Monday, January 21, 2013

The Little Itty Bitty Ones: a.k.a. premies in the NICU

I didn’t think it would happen but I fell in love with my Neonatal Intensive Care Unit babies. Here’s how it went down:

Sign out prior to the beginning of the rotation: From the Intern finishing up her rotation: “everyone just survives this rotation, be prepared to write lots of total parenteral nutrition orders (TPN).”  Sign out ended with me congratulating myself that I hadn’t started crying just hearing how sick some of my new patients were.

Day 1: Examining those tiny babies had to be the scariest thing I have done in my life. I’m used to 6 pound babies in newborn nursery, not 1 pound babies who are ventilated and in incubators. I made it, my patients made it. I’m used to talking about urine and stool counts and giving breast feeding advice. I’m not used to talking about glucose infusion rates, assist control ventilation, bubbles CPAP, and making split second decisions based upon arterial blood gases and urinary output.

Weeks 1 - 2: struggled with patient management, presentations, note writing (many nights I finished around 10pm), and TPN. Struggled with missing Zo’s bedtime.

Weeks 3 - 4: started getting used to the routine and began enjoying deliveries (dry, stimulate, and ventilate). I also began enjoying the daily mechanics of managing my “feeders and growers” and even got to do a really cool creamatocrit to assess the nutritional content of a patient’s maternal breast milk. Surprisingly, I also started to really like managing my complicated patients and the daily brainstorming that goes on with our consultant specialties. Establishing relationships with the parents was really the best thing about this time and the staff who work in the unit are outstanding and know their trade exceedingly well. On the homefront, I still had not gotten used to the lack of sleep and was really started feeling badly about how junky our house was becoming and how my husband had essentially become a single father.  

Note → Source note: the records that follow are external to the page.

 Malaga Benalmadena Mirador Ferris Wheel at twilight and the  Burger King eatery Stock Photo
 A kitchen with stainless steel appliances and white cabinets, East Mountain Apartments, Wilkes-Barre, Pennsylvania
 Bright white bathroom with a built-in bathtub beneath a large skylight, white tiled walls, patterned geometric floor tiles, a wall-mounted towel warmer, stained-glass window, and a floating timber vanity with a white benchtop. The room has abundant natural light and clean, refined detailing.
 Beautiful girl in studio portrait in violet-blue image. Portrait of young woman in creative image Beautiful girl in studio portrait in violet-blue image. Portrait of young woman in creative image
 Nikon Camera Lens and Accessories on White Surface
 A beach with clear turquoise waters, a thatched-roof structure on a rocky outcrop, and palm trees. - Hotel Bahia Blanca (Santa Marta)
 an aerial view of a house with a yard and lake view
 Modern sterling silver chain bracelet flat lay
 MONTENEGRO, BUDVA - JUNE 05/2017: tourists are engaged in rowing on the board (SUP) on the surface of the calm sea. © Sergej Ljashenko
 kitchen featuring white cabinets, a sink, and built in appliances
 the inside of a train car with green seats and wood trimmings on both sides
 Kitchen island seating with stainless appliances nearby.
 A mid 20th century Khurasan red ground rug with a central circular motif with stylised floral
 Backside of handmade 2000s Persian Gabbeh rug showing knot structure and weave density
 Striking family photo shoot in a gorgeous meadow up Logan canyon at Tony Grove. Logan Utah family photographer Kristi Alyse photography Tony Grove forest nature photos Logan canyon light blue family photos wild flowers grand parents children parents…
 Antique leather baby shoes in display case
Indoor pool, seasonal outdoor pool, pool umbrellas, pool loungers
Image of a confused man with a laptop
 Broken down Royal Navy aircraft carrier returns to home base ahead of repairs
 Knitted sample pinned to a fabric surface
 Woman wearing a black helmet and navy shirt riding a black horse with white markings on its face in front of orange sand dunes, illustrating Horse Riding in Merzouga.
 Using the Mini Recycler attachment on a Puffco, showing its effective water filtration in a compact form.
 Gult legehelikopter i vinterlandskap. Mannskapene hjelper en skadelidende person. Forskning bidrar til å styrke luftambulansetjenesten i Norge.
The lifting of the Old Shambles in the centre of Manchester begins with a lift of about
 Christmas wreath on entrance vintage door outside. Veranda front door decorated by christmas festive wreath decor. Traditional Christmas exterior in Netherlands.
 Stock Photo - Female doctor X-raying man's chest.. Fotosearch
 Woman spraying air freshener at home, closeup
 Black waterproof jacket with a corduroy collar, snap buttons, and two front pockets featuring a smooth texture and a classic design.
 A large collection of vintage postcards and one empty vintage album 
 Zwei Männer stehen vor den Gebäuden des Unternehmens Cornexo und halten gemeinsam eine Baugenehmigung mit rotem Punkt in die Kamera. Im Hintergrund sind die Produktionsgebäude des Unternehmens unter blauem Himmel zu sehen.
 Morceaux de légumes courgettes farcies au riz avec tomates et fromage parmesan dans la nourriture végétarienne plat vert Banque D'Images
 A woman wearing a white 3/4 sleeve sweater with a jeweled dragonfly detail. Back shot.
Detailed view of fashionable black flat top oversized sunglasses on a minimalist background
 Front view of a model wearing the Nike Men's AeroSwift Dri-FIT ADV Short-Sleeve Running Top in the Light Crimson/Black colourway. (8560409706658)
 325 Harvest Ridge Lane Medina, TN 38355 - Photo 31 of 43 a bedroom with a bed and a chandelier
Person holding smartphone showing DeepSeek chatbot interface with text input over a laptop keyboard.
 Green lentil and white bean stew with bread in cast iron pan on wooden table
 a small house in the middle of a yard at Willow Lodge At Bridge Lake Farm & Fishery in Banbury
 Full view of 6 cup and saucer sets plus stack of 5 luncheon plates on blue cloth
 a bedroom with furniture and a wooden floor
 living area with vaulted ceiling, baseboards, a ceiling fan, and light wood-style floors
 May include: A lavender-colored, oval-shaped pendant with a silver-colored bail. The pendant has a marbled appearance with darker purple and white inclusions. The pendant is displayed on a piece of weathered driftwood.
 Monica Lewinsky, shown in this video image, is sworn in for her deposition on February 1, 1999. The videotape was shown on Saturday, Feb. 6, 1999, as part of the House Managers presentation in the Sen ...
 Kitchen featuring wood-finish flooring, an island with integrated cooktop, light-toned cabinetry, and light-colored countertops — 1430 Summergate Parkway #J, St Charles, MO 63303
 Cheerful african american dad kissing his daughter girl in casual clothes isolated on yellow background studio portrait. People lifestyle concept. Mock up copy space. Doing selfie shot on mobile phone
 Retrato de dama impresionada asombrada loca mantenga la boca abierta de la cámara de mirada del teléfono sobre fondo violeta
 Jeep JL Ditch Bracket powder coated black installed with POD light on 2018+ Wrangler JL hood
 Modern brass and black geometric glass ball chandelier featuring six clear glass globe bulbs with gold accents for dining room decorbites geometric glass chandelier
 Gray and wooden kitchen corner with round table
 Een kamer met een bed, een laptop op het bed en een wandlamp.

Week 5: started feeling the first tinges of confidence or was that my upper respiratory illness superimposed with sinusitis and a head full of medicine? I guess I’ll never know, but I was sad on my last day. Sad that I had to sign out to another Resident (who I totally trust but still they are “MY” patients and families). Sad that I was just starting to become confident and then bam, on to the next rotation. Sad that I wouldn’t see the daily progression of the little itty bitty babies who had surprisingly stolen my heart.

5 comments:

  1. Thanks so much for this post! NICU is my first real rotation back in med school after finishing my PhD, and I'm a little freaked out about how little I will see my daughter, and how much there is to know. It's good to hear from someone who enjoyed it in spite of both of those things.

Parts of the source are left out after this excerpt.